Une rentrée sous haute surveillance

Avant la grande rentrée des classes qui fait suite à près de deux mois de confinement, les enseignants ont reçu de nombreuses mesures à mettre en place afin de garantir la sécurité de chacun. Les groupes sont réduits, les jeux collectifs interdits, les distances physiques doivent être maintenues toute la journée, les professeurs doivent porter des masques, et bien d’autres encore. Des mesures essentielles pour ralentir la contagion du coronavirus, mais qui sont malgré tout très contraignantes pour tout le monde et surtout pour les enfants qui n’ont pas l’habitude de vivre ainsi.

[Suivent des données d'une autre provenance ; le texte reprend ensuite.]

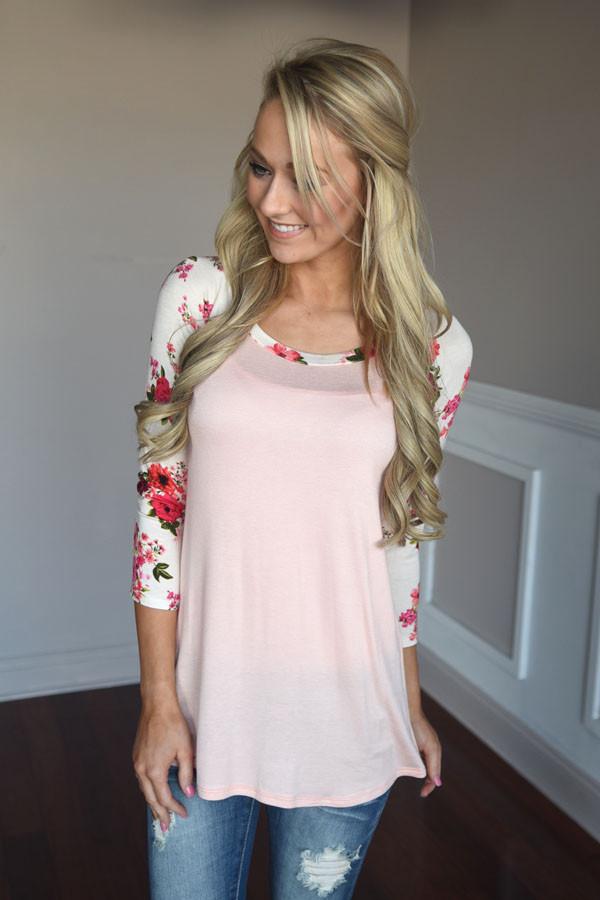 Light Pink Floral Top ~ Red & Pink Sleeves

Le 4 mai, le Ministère de l’Éducation a mis en ligne une série de notes et recommandations à l’attention des professeurs, dont un point qui sème la discorde. Il y est rappelé « l’importance à accorder à la parole des élèves », une parole qui doit manifestement être tout de même surveillée. Il est en effet expliqué que « des enfants peuvent tenir des propos manifestement inacceptables ». Une phrase bien mystérieuse qui précède un autre paragraphe qui a mis le feu aux poudres : « la référence à l’autorité de l’Etat pour permettre la protection de chaque citoyen doit alors être évoquée, sans entrer en discussion polémique ».

Des professeurs qui ont la sensation d’être réduits au silence

Ce petit morceau de paragraphe laisse donc entendre qu’il est interdit de remettre en cause la façon dont le gouvernement a géré cette crise avec les élèves. Il faudra donc aborder la crise, sans pour autant entrer dans un débat qui pourrait critiquer certaines décisions prises par l’État. Forcément, certains professeurs se sont montrés très choqués par cette note qui leur donne la sensation qu’ils doivent simplement congratuler le gouvernement sans évoquer les zones d’ombre. Une technique quelque peu discutable dans un pays démocratique.

Le ministère de l’Éducation nationale, contacté par Franceinfo, explique que ces recommandations ont pour objectif « d’accompagner les enseignants, dans cette situation inédite, en leur proposant des tests d’évaluation pour savoir où les élèves en sont et comment les accompagner sur ces deux prochains mois ». En ce qui concerne la petite note qui fait polémique, elle s’adresserait uniquement aux élèves qui ne veulent pas respecter les gestes barrières ou bien qui répandent des théories complotistes à propos de la gestion de la crise.